A new emerging fungal threat

Researchers in New York have found an emerging threat of ringworm fungus, Trichophyton indotineae, which is often resistant to standard therapy, according to a study published May 15 in JAMA Dermatology

The fungus has been detected worldwide, but data is sparse for its spread in the U.S., the researchers said. In May 2023, public health officials reported the first two confirmed T. indotineae cases in the U.S., but antifungal susceptibility testing data uncovered more infections, spanning back to 2017. 

From May 2022 to May 2023, 11 patients in New York City had confirmed T. indotineae infections, and nine reported previous travel to Bangladesh. All had widespread lesions, diagnostic delays and did not respond to antifungal monotherapies. Terbinafine, the preferred treatment, was ineffective for seven patients. 

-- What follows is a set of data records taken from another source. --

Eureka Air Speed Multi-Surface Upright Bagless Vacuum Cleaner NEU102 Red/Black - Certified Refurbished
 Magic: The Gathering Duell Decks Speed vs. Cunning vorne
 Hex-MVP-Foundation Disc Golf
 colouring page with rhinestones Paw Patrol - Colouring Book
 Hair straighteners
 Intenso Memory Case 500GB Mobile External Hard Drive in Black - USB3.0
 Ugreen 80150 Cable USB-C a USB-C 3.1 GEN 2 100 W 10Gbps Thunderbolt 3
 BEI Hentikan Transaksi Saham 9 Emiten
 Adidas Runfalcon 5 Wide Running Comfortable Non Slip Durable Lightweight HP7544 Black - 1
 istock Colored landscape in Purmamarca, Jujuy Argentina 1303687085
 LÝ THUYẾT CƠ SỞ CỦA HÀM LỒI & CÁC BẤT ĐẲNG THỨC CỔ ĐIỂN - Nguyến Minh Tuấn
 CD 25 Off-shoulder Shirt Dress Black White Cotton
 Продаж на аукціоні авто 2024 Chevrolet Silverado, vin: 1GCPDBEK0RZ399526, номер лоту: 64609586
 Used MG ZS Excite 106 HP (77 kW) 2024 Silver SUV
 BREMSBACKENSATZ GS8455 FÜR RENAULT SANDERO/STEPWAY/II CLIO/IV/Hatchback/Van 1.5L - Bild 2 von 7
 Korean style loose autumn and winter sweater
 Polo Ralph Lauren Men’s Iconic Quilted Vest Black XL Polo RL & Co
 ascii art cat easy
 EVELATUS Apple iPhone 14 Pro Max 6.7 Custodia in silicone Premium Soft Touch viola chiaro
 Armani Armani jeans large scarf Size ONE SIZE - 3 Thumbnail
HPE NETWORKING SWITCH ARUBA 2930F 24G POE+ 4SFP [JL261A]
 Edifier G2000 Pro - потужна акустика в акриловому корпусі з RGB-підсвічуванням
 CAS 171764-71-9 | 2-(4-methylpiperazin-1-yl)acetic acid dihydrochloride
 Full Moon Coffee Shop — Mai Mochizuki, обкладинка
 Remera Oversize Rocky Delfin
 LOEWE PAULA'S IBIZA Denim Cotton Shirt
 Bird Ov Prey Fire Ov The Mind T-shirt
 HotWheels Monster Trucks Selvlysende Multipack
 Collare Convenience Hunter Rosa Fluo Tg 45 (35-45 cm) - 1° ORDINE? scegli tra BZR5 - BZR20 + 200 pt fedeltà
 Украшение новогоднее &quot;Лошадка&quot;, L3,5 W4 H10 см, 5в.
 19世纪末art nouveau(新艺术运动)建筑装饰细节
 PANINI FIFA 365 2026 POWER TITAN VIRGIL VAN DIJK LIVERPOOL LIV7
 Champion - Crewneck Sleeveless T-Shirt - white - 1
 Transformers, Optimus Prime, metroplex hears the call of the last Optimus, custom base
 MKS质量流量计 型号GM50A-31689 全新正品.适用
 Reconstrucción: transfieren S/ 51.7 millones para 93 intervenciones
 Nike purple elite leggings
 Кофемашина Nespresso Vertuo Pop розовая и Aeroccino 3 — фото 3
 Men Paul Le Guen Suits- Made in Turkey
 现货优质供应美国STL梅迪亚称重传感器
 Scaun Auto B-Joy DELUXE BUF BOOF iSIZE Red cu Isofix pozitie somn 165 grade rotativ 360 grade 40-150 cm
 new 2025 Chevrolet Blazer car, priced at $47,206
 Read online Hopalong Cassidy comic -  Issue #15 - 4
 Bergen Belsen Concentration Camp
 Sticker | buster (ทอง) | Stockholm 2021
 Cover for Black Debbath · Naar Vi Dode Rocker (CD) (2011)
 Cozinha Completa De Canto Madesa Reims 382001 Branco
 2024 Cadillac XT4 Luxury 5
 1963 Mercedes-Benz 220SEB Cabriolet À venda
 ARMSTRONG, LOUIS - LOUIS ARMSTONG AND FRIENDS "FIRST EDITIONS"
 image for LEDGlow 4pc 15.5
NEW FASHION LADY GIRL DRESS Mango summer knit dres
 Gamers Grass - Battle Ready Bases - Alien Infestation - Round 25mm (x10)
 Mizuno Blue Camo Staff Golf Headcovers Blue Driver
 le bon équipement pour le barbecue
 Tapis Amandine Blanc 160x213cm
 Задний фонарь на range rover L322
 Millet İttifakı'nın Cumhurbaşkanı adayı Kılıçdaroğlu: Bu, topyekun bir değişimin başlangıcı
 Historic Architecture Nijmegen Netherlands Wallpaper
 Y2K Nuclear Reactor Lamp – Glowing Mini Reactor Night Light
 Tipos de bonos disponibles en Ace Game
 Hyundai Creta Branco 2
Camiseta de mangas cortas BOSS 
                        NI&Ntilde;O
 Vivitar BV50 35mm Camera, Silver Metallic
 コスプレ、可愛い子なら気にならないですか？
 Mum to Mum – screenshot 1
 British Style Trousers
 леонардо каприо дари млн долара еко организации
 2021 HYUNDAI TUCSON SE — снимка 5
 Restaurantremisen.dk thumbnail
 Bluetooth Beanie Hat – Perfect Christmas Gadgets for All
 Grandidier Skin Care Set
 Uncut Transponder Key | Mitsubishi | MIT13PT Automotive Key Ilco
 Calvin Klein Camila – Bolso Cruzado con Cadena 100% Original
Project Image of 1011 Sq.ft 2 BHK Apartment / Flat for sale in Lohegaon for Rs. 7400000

Patients treated with fluconazole and griseofulvin improved in two of four and two of five instances, respectively, and itraconazole was effective for five of seven treated patients. Since these cases happened before May 2023, dermatologists were often unaware of T. indotineae at the time of treatment, the researchers said. 

The fungal infection has the opportunity to become more widespread, they concluded, because they detected hundreds of single nucleotide variations, "which could indicate several independent introductions of T. indotineae or variants of T. indotineae isolates within New York City."

CIDRAP said the findings represent a new, emerging public health threat.